* **Work to complete**:
After locating the line with "moulding door left" in the data that follows, return it and every later line exactly, up to and including the line with "Toddler bed - Image 2".
Segment Start: Data section
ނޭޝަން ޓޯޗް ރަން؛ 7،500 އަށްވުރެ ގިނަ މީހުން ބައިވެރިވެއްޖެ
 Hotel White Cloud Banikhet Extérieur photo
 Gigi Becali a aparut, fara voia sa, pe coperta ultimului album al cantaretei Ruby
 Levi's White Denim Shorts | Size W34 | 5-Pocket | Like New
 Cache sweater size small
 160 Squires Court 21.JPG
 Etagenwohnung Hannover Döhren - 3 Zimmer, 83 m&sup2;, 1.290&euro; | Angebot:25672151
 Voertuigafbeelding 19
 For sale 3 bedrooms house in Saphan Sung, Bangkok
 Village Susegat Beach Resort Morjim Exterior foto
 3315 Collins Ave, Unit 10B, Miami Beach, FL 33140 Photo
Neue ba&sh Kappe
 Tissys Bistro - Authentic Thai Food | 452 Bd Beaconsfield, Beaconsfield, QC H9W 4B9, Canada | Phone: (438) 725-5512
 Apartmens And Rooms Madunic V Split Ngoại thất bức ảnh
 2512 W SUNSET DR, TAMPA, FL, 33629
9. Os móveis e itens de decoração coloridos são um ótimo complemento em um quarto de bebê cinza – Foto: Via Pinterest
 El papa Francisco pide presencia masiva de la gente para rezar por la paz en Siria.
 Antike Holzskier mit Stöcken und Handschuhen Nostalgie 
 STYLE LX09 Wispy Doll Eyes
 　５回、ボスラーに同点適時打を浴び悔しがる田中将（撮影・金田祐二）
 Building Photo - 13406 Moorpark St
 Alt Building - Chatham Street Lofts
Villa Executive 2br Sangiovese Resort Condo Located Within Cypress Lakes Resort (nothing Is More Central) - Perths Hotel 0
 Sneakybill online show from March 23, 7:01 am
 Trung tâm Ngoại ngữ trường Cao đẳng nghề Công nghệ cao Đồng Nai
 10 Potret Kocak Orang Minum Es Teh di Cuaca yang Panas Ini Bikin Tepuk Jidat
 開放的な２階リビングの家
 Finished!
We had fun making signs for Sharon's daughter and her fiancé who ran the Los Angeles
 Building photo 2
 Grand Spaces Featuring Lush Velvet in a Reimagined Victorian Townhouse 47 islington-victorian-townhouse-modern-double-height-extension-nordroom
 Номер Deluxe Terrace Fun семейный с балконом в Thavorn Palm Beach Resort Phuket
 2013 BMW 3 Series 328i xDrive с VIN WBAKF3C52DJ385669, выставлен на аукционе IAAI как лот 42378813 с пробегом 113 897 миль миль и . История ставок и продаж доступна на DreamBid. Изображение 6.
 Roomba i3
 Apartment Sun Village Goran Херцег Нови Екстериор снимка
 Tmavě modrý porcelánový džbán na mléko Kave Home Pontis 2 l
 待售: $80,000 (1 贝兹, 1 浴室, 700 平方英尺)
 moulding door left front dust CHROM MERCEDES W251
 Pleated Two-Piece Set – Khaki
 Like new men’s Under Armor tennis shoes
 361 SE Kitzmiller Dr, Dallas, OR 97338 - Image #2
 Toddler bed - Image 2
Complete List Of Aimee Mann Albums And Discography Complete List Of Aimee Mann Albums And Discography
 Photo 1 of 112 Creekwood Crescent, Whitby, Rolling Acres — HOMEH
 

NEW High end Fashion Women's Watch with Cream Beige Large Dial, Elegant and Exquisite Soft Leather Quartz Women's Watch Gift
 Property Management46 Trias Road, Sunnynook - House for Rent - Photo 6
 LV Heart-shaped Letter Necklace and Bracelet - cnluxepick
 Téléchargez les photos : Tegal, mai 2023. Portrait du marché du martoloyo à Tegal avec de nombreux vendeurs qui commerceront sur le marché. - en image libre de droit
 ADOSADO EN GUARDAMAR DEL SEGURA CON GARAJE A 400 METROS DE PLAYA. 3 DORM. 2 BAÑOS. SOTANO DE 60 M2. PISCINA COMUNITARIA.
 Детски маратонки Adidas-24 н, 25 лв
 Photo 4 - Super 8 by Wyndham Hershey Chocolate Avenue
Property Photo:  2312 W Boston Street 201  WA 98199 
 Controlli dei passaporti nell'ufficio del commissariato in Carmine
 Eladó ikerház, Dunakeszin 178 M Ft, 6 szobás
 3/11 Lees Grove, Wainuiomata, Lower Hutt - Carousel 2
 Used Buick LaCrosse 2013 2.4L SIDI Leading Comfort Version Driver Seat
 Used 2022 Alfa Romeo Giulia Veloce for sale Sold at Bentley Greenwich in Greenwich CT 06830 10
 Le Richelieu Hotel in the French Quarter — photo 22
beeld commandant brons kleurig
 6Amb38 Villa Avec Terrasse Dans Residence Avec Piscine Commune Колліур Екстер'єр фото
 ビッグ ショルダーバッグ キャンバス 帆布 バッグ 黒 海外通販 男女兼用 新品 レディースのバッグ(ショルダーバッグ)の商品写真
Segment End: Data section
* **Exercise answer**:
 moulding door left front dust CHROM MERCEDES W251
 Pleated Two-Piece Set – Khaki
 Like new men’s Under Armor tennis shoes
 361 SE Kitzmiller Dr, Dallas, OR 97338 - Image #2
 Toddler bed - Image 2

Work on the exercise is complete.